A free spirit of enquiry is mandatory for
intellectual journeys toward discovery and the absence of hierarchic control
reassures the autonomy and dignity of the stakeholders in the process. In over
three and a half decades of teaching, I have witnessed a widening gap between what
a university is supposed to be and the routine practice. The privileging of the
office over the classroom, of administrators over teachers and researchers
resulting from market utility, so beloved of the post-WTO
education-as-service-industry has alienated higher education from its social
obligations in shaping a just, fair and an equitable social order. It is not by
accident that a hierarchic bureaucratic order has been set in place for the
triumph of market statistics through the exercise of power and control. The
nineteenth century utilitarian Jeremy Bentham proposed the panopticon for surveillance whose material manifestation was the
colonial cellular jail in the Andaman Islands. Today many educational centres
including colleges in Patna University are contemplating the use of CCTV
cameras in public areas of institutions and shockingly in classrooms. The use
of cameras in public areas, if used for security purposes rather than
administrative espionage is justifiable, though not entirely desirable. In classrooms
it is a disgrace to the dignity of the teachers and students, participants in
the process of learning and producing knowledge. Teachers are evaluated every
day by students and peer reasearchers and students evaluate teachers once a
semester for official purposes.
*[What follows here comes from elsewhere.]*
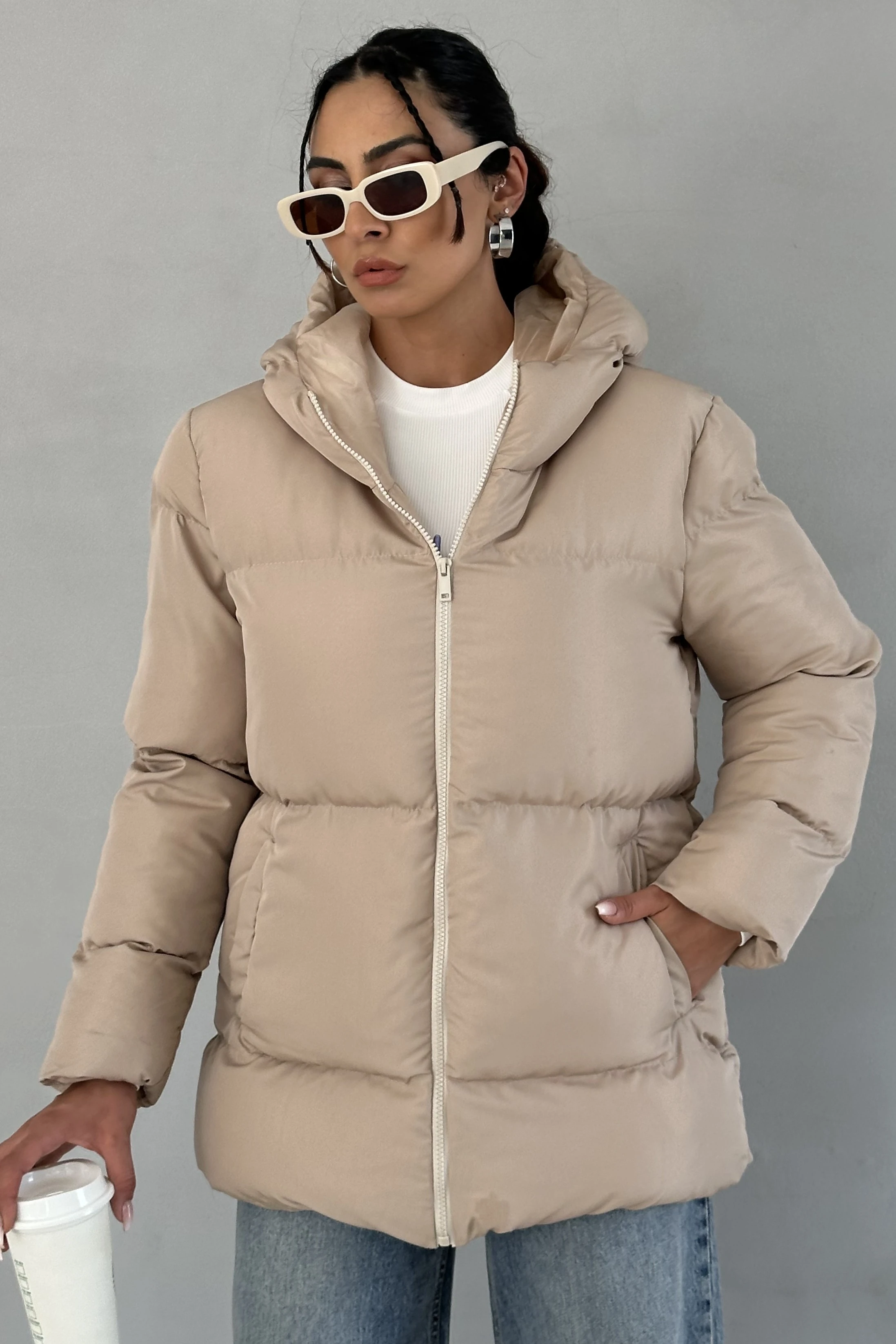 Kadın Kapüşonlu Şişme Mont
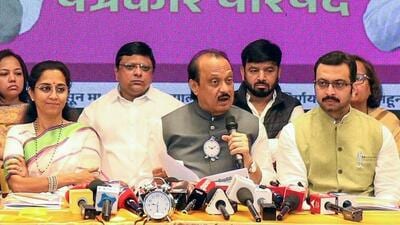 Maharashtra Deputy Chief Minister Ajit Pawar, with NCP MP Supriya Sule and others, during the release of manifesto, in Pune on Saturday. (@supriya_sule X) Maharashtra Deputy Chief Minister Ajit Pawar, with NCP MP Supriya Sule and others, during the release of manifesto, in Pune on Saturday. (@supriya_sule X)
These official purposes are ill-defined because
in most cases the results are never made public because the system is usually
complicit with ideological and often irrational forms of vested interests. The
deserving might make the undeserving top occupant of the hierarchic order very
uncomfortable although experience teaches that the pachydermatous skills rather
than academic and intellectual attributes are among the preferential virtues.
Transparency in evaluation and authorized recording
of lectures for the benefit of students would be far more effective than this
undignified form of espionage. Again, these covert operations would hardly be
of any relevance if the recruitment were to be fair. Its need critiques itself.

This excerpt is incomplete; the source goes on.